Before jumping into my implementation, I should also note that a variety of solutions have been proposed for performing Sparse PCA and packages such as sklearn often offer a version of Sparse PCA.

To implement sparse PCA “from scratch,” it is helpful to first briefly dig just a little bit into the math of the PCA objective function. In standard PCA, the goal is to minimize reconstruction error. Mathematically this can be formulated as:

\[\|\textbf{X} - \textbf{X}WW^T\|_{F}^{2}\]

Where \(\textbf{X}\) represents our original data, \(W\) represents a single loading vector, and \(\|\cdot\|_{F}^{2}\) represents the squared Frobenius norm. Thus, minimizing this function finds \(W\) such that \(\textbf{X}WW^T\) is the best possible reconstruction of \(\textbf{X}\), subject to the constraint that all \(W\) form an orthonomal basis set. This means that all vectors have a magnitude of one and are orthogonal. Mathematically, this can be expressed as \(WW^T=I\).

From this starting point, it is straightforward to introduce a sparsity penalty. One way to do this is using the L1 norm. Using the L1 norm to penalize non-sparse loading vectors, our new objective function becomes:

\[\|\textbf{X} - \textbf{X}WW^T||_F^2 + \lambda\sum_{i=1}^{n}\|\textbf{w}_i\|_1\]

Where the second term, \(\sum_{i=1}^{n}\|\textbf{w}_i\|_1\) is the L1 norm and \(\lambda\) is a tunable hyperparameter that controls the level of sparsity. This new objective function is now very similar to LASSO regression. In more general terms, this adds a second “goal” that the fitter is trying to achieve – ensure that the loading weights are sparse.

To get a feel for how this might work in practice, I modified my previous implementation of the objective function to include the L1 norm as shown below:

# wrapper around frob error function that adds a L1 regularization penalty
def sparse_wrapper(pc, X, lam):
    # compute reconstruction error
    err = frob(pc, X)
    # add L1 regularization
    err = err + (np.sum(np.abs(pc)) * lam)
    return err

I then simulated datasets and fit my Sparse PCA model for a range of sparsity constraints. The effect of sparsity on the fitted loading vectors, and on the variance explained by the reconstruction, is shown in the figure below for one such simulation:

Left: Scree plot of simulated 15-D data for standard PCA (blue) and for Sparse PCA with a range of sparsity constraints. Right, top: First principal component loading vectors for each value of sparsity. Right, bottom: Same, for second principal component. Dark red = 1, dark blue = -1, white = 0. From this, it is clear that increasing lambda leads to more 0 weight entries in the loading vectors.

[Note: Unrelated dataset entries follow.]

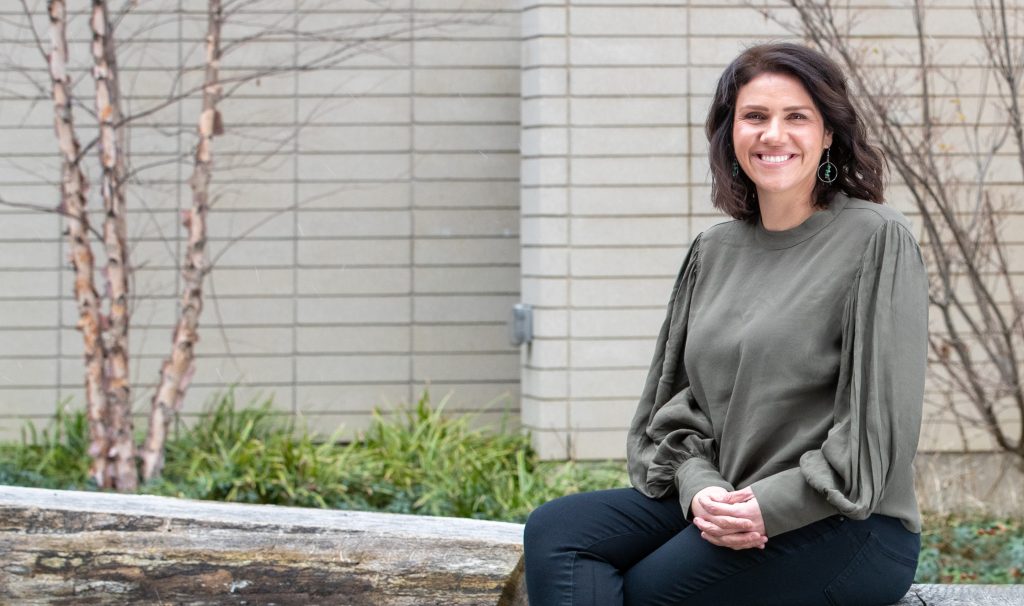 Vanessa Watts sitting on a log bench outside a building, smiling.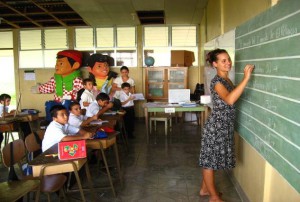 Foreign girl writing on a blackboard in Costa Rican Classroom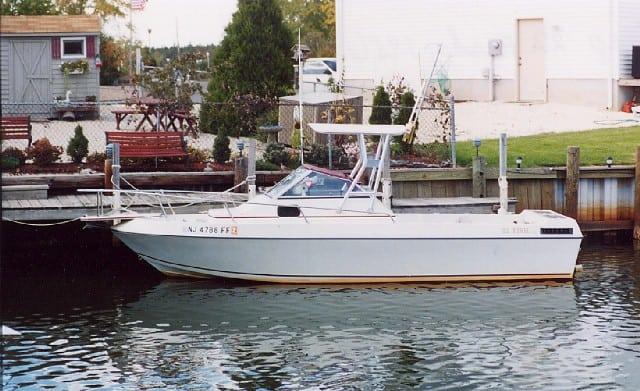 White IMP boat with Atlantic Towers Top installed docked by a wooden pier near a residential area.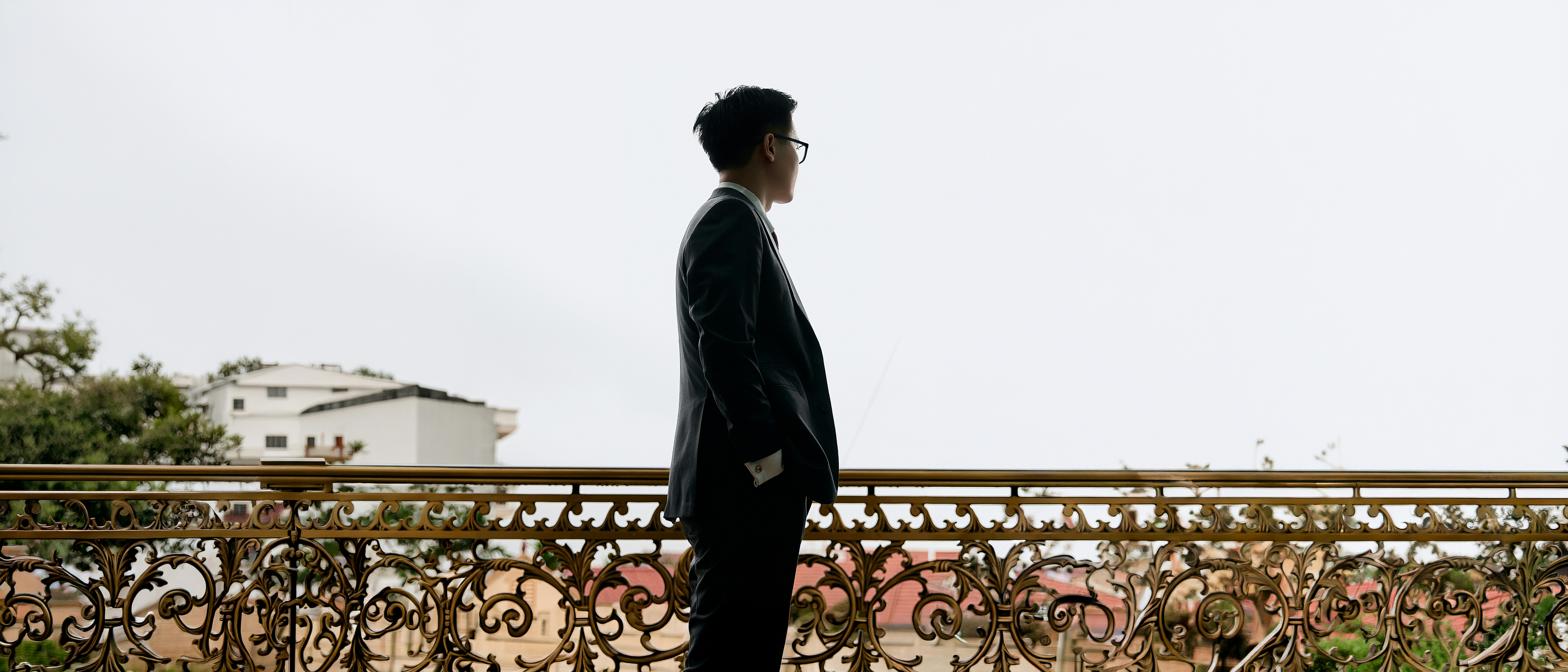 A man in a suit looking out from a balcony with ornate metal railings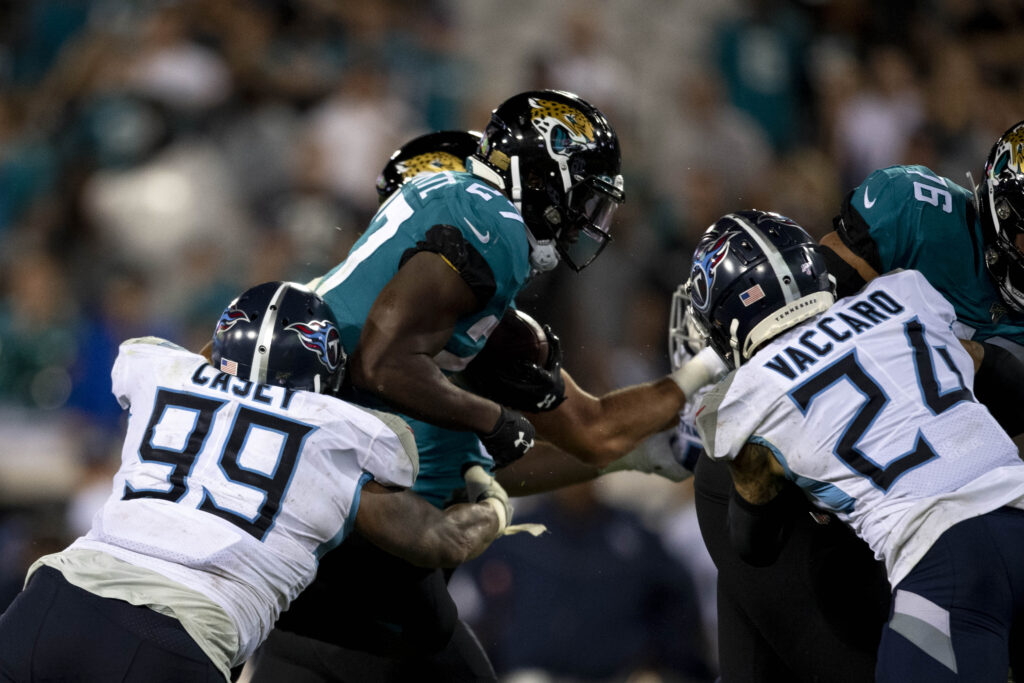 Jacksonville Jaguars running back Leonard Fournette (27) runs the ball as Tennessee Titans defensive end Jurrell Casey (99) defends during the fourth quarter at TIAA Bank Field.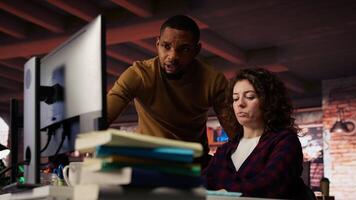AI startup office chief technology officer overseeing woman building application. Manager assisting worker in artificial intelligence software development agency, offering advice, camera B video
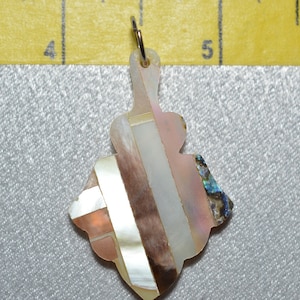 Può includere: Un ciondolo in madreperla iridescente con un design geometrico. Il ciondolo è attaccato a un anello d'argento.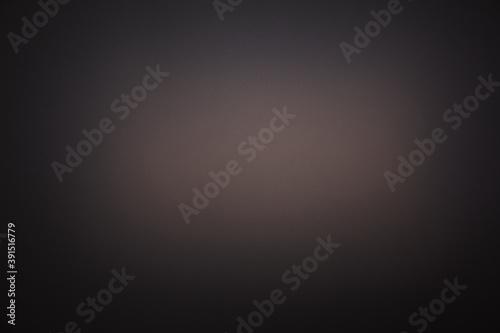 Light brown spot of light on dark gray background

As expected, increasing \(\lambda\) leads to finding loading vectors with a more sparse set of weights. However, it also quickly reduces the amount of variance explained in the data by each of the top principal components. This is why Sparse PCA, while sometimes useful for finding interpretable loadings, is usually not a great method for other applications of PCA, such as data compression.

Summary

In this project, I briefly highlighted the basics of PCA. In addition, I demonstrated two separate methods for solving the problem from “first principles” and touched on the some of the advantages and disadvantages of each method. Finally, I showed that implementing a version of Sparse PCA is relatively straightforward, when PCA is thought of as a reconstruction optimization problem. For me, this was one of the biggest take homes - that other dimensionality reduction methods, such as Sparse PCA, Non-negative matrix factorization, Factor Analysis, etc., and their relationship to PCA, can be more easily understood when considering the underlying objective function of PCA.

All the code used in this project is saved and available on my github.